Anyway, here's the mathematical proof, in simple words.
Theorem
There is no algorithm that, on average, will successfully compress any data set, even if it leaves uncompressible data sets uncompressed. By average, we mean average computed over all data sets of a pre-specified size. By successfully, we mean that compression factor is better than 1.
Proof
We proceed in two steps. Step #1 is when your data compression algorithm compresses all data sets (out of a universe of k distinct potential data sets) into a compressed data set of the same size (resulting in m different compressed data sets when you compress all the original k datasets, with m < k). Step #2 is when your data compression algorithm produces compressed files of various sizes, depending on the original data set.
Step #1 - Compression factor is fixed
Let y be a multivariate vector with integer values, representing the compressed data. Let say that y can take on m different values. Let x be the original data, and for any x, x=f(y).
How many solutions can we have to the equation f(y) ∈ S, where S is a set that has k distinct elements? Let denote the number of solutions in question as n. In other words, how many different values can n take, if the uncompressed data can take on k potential values? Note that n depends on k and m. Now we need to prove that:
[1] n * (1 + log2 m) + (k -n ) * (1 + log2 k) ≥ k log2 k
where:
The proof consists in showing that the left hand side of the equation [1] is always larger than the right hand side (k log2 k)
In practice, m ≤ k, otherwise the result is obvious and meaningless (if m > k, it means that your compression algorithm always increases the size of the initial data set, regardless of the data set). As a result, we have
[2] n ≤ m, and n ≤ k
Equation [1] can be written as n * log2 (m / k) + k ≥ 0. And since m < k, we have
[3] n ≤ k / log2 (k / m).
Equation [3] is always verified when m < k and [2] is satisfied. Indeed k / log2 (k / m) is always minimum (for a given k) when m = 1, and since n ≤ k / log2 k, the theorem is proved.
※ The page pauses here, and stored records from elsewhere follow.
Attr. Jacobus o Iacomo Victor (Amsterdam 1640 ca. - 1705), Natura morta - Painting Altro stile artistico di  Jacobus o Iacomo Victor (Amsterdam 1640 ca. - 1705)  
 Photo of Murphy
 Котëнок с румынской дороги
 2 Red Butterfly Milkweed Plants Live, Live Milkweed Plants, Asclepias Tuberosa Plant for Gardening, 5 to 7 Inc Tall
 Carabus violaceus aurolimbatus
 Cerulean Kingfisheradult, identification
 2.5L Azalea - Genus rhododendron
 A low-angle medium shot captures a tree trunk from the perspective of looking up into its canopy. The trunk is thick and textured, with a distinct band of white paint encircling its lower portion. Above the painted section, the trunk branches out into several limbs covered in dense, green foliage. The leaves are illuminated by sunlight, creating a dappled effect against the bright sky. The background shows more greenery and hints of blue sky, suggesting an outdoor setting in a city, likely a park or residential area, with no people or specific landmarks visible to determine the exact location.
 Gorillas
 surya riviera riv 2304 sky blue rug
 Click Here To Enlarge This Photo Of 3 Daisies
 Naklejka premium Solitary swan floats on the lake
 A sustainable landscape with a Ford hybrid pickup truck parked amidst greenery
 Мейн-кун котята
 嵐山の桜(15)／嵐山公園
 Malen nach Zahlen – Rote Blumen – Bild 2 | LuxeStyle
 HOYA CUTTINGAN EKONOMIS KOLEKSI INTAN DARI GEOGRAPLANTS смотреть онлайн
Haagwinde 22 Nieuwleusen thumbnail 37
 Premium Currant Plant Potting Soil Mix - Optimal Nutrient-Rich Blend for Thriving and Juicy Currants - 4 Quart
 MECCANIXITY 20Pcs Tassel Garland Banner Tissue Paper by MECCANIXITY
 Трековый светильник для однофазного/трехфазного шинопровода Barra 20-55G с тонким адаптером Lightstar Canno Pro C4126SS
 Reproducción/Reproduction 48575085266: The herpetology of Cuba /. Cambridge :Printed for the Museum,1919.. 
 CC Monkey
Note that if n = k, then m = k.
Step #2 - Compression factor is variable
For instance, from the original k data sets, if p data sets (out of n that are compressible) are compressed to m distinct sets, and q data sets (out of n that are compressible) are compressed to m' distinct sets, with n = p + q, with m' < m (which means that the q data sets are more compressible than the p data sets), using m' instead of m in [1] would lead to the same conclusion. Indeed, the best case scenario (to achieve maximal compression) is when m is as small as m', that is when m = m'. This easily generalizes to multiple compression factors (say m, m', m m'', with n = p + q + r).
Comment
Further to my last comment Wikipedia on Kolmogorov complexity shows that most strings are incompressible in the special sense there, which may not be quite the same as here
Ah, in that case what I wrote below, in the case where the number of incompressible sets is much greater than the number of compressible sets supports your theorem, though it is not an alternative proof.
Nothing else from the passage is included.